1) Мадемуазель Александрина.
2) Паштет из рыбы и корзинка с винами.
3) Старый коньяк тысяча восемьсот семнадцатого года, молотый кофе и пуховик... Все это вы получите... Больше ничего не надо?
— Ах, я забыл... Вы знаете, где живет Бадино?
— Маклер? Знаю.
— Так вот, будьте добры, скажите ему, что я рассчитываю на его любезность и надеюсь, что он найдет адвоката для ведения моего дела... Я не пожалею тысячи франков.
— Я увижу Бадино, будьте спокойны, генерал; сегодня вечером все ваши поручения будут исполнены, и завтра вы получите то, о чем вы меня просили. До скорой встречи, мужайтесь, генерал.
— До свидания, мой дорогой.
Собеседники покинули приемную: заключенный — выйдя в дверь на одном ее конце, а посетитель — на другом.
Теперь сопоставьте преступление Гобера, рецидивиста, с правонарушением господина Буляра, судебного пристава.
Сравните отправной момент преступлений, причину или необходимость, которая могла толкнуть их на это.-
Сопоставьте, наконец, ожидающие их наказания.
Выйдя из тюрьмы, внушая повсюду страх и неприязнь, человек не может заниматься своей профессией в той местности, где ему разрешено проживать; он решает приняться за дело, хотя и опасное для его жизни, но осилить которое он надеется; не получилось.
Тогда он оставляет место ссылки, возвращается в Париж, полагая, что там легче будет скрыть свое прошлое и найти работу. Он приходит туда изнуренный, умирая от голода; случайно узнает, что в соседнем доме лежат спрятанные деньги; уступает пагубному искушению, взламывает ставень, открывает шкаф, крадет сто франков и убегает.
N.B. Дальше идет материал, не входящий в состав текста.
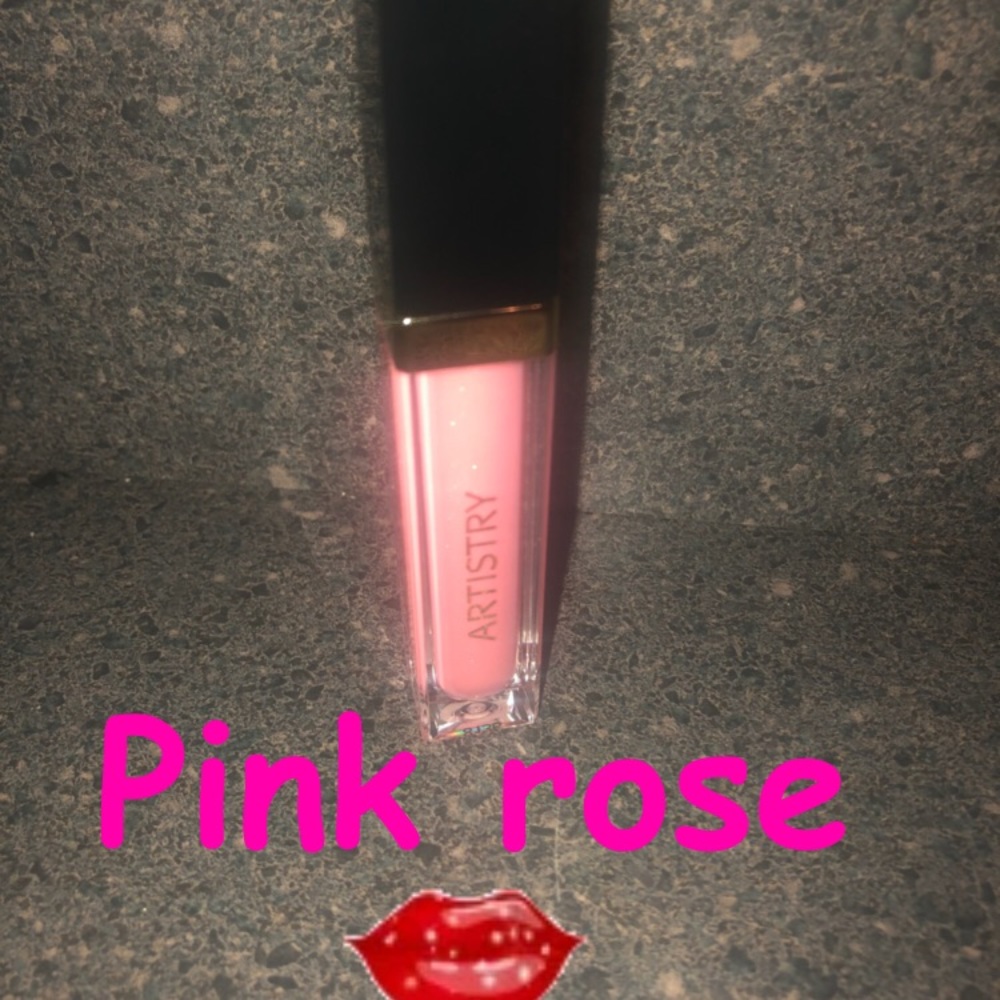 Lip gloss with light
Его арестовывают, сажают в тюрьму... Его судят, осуждают. Как рецидивиста его ожидает пятнадцать — двадцать лет каторжных работ и позорный столб. Он это знает.
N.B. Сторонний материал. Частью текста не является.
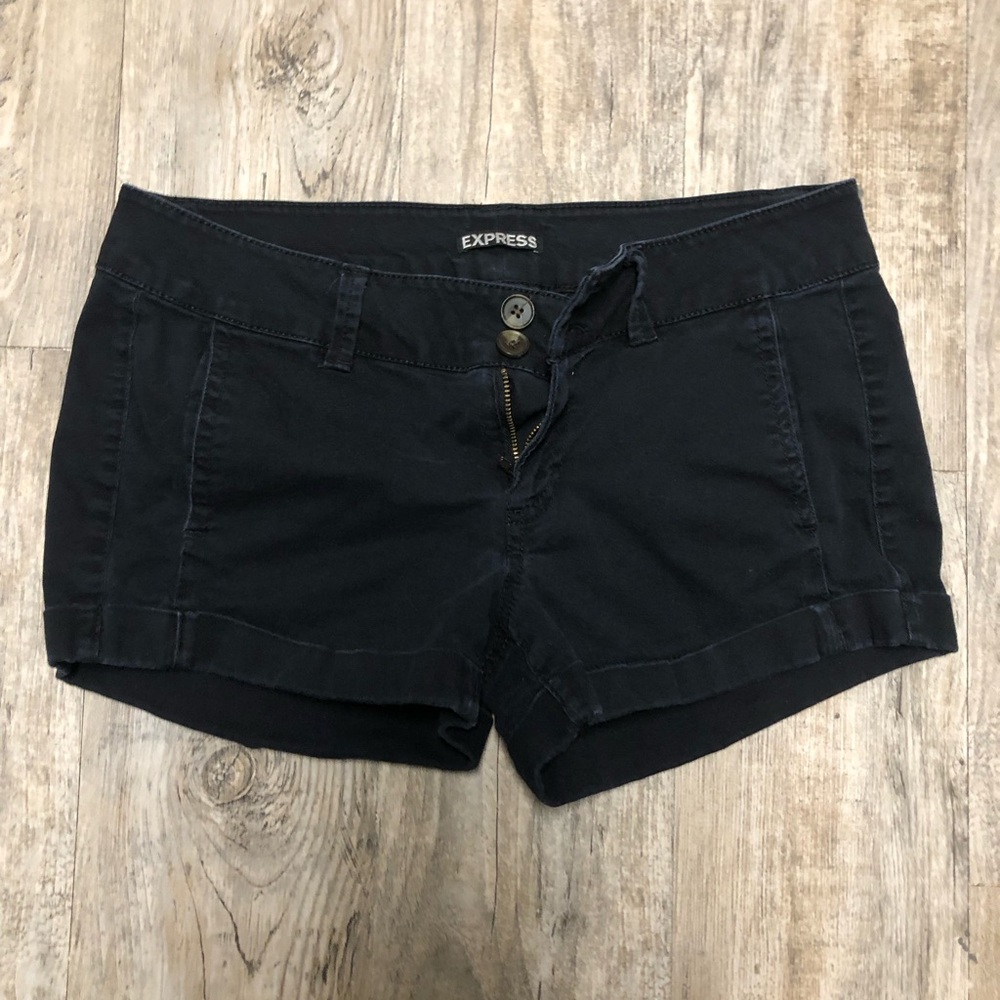 Express black shorts, size 4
Кара чудовищная, но он ее заслужил.
Собственность священна. Тот, кто ночью взламывает вашу дверь, чтобы завладеть вашим достоянием, должен быть жестоко наказан.
Напрасно обвиняемый будет ссылаться на отсутствие работы, на нищету, исключительные, трудные, невыносимые обстоятельства, на нужду, до которой дошел, он, освобожденный каторжник. Что поделаешь, закон один. Общество для своего благополучия и процветания должно обладать безграничной властью и безжалостно карать смелые попытки завладеть чужим имуществом.
Да, этот отверженный, невежественный, опустившийся, этот закоренелый и презираемый всеми рецидивист заслужил свою кару.
Но чего заслуживает тот, кто, обладая разумом, богатством, образованием, окруженный всеобщим уважением, занимая официальное положение, украдет не для утоления голода, а для причуд роскоши или для того, чтобы испытать удачу в биржевой игре?
И украдет не сто франков, а сто тысяч... миллион?
И украдет не ночью, рискуя жизнью, а при свете дня, на глазах у всех?
Украдет не у неизвестного, хранящего свои деньги под замком, а у клиента, доверившего свое состояние честности официального лица, назначенного по закону, к которому клиент поневоле должен был обратиться.
Какого сурового наказания заслуживает тот, кто вместо кражи небольшой суммы вследствие острой нужды украдет ради роскоши значительную сумму?
Не будет ли жестокой несправедливостью налагать на него такое же наказание, какое определяется рецидивисту, дошедшему до крайней нужды, до кражи по необходимдоти?
«Ну, полноте!» — скажет закон.
Разве можно применять к хорошо воспитанному человеку то же наказание, как к какому-то бродяге? Да что вы!
Разве можно сравнивать правонарушение приличного человека с подлой кражей со взломом? Да что вы!
«Так в чем же дело? — ответит, например, г-н Буляр в согласии с законом. — Пользуясь возможностью, которую мне предоставляет моя контора, я получил для вас известную сумму денег; эту сумму я растратил, употребил по своему усмотрению, от нее не осталось ни гроша; но не думайте, что это нужда заставила меня пойти на растрату! Разве я нищий, нуждающийся? Слава богу, нет, у меня всегда было и есть столько денег, что я мог и могу жить широко. О, успокойтесь, я метил выше, тщеславнее... С вашими деньгами я смело бросился в ослепительные сферы биржевой игры; я мог удвоить, утроить эту сумму в свою пользу, если бы удача мне улыбнулась... к несчастью, мне не повезло! Вы сами видите, что я потерял столько же, сколько и вы...»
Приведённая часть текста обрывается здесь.